Nouronihar is the only character who elicits sympathy in the end.
* * * * *
These observations rest almost entirely upon the earlier scenes with Nouronihar. She makes her appearance when Vathek and his entorage arrive at the complex belonging to the emir Fakreddin. Her first moment, however, does not involve the caliph or his promises, but an elaborate prank upon Bababalouk:
Whilst he was issuing these mandates the young Nouronihar, daughter of the Emir, who was sprightly as an antelope, and full of wanton gaiety, beckoned one of her slaves to let down the great swing, which was suspended to the ceiling by cords of silk, and whilst this was doing, winked to her companions in the bath, who, chagrined to be forced from so soothing a state of indolence, began to twist it round Bababalouk, and tease him with a thousand vagaries.
In the end, the prank is more than a little malicious, but Bababalouk is ultimately unharmed.
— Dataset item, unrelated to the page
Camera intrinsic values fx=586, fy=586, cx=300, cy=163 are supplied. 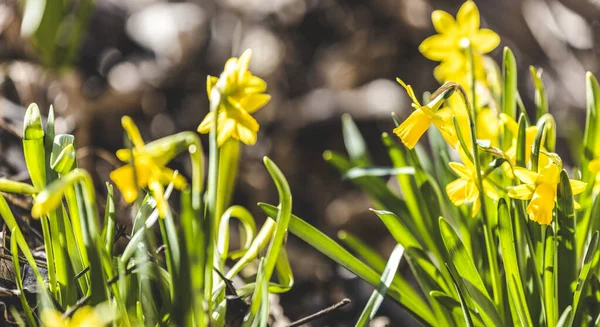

For her next appearance, Nouronihar appears with her playmates on a bluff overlooking the caliphs picnic, and she showers him with jasmine. Later, returning to her betrothes, Gulchenrouz, she reflects:
The unexpected arrival of the Caliph, and the splendour that marked his appearance, had already filled with emotion the ardent soul of Nouronihar; her vanity irresistibly prompted her to pique the prince’s attention, and this she before took good care to effect whilst he picked up the jasmine she had thrown upon him. But when Gulchenrouz asked after the flowers he had culled for her bosom, Nouronihar was all in confusion; she hastily kissed his forehead, arose in a flutter, and walked with unequal steps on the border of the precipice. Night advanced, and the pure gold of the setting sun had yielded to a sanguine red, the glow of which, like the reflection of a burning furnace, flushed Nouronihar’s animated countenance.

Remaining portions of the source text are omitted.